- “I have always found strangers sexy.”- Hugh Grant, six months before he was arrested with stranger Divine Brown.
- “I would not wish to be Prime Minister, dear.”- Margaret Thatcher in 1973.
- “That rainbow song’s no good. Take it out.”- MGM memo after first showing of The Wizard Of Oz.
- “You’d better learn secretarial skills or else get married.”- Modelling agency, rejecting Marilyn Monroe in 1944.
- “Radio has no future.”
“X-rays are clearly a hoax.”
“The aeroplane is scientifically impossible.”
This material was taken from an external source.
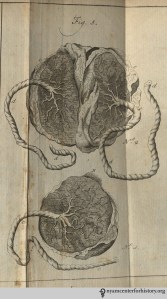 Figure 5, Number 1 shows a placenta for a single infant. Number 2 shows a placenta for twins.
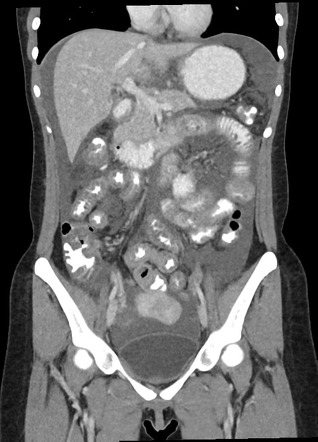 Eosinophilic Gastroenteritis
– Royal Society president Lord Kelvin, 1897-9. - “You ought to go back to driving a truck.”- Concert manager, firing Elvis Presley in 1954.
- “Forget it. No Civil War picture ever made a nickel.”- MGM executive, advising against investing in Gone With The Wind.
- “Can’t act. Can’t sing. Slightly bald. Can dance a little.”- A film company’s verdict on Fred Astaire’s 1928 screen test.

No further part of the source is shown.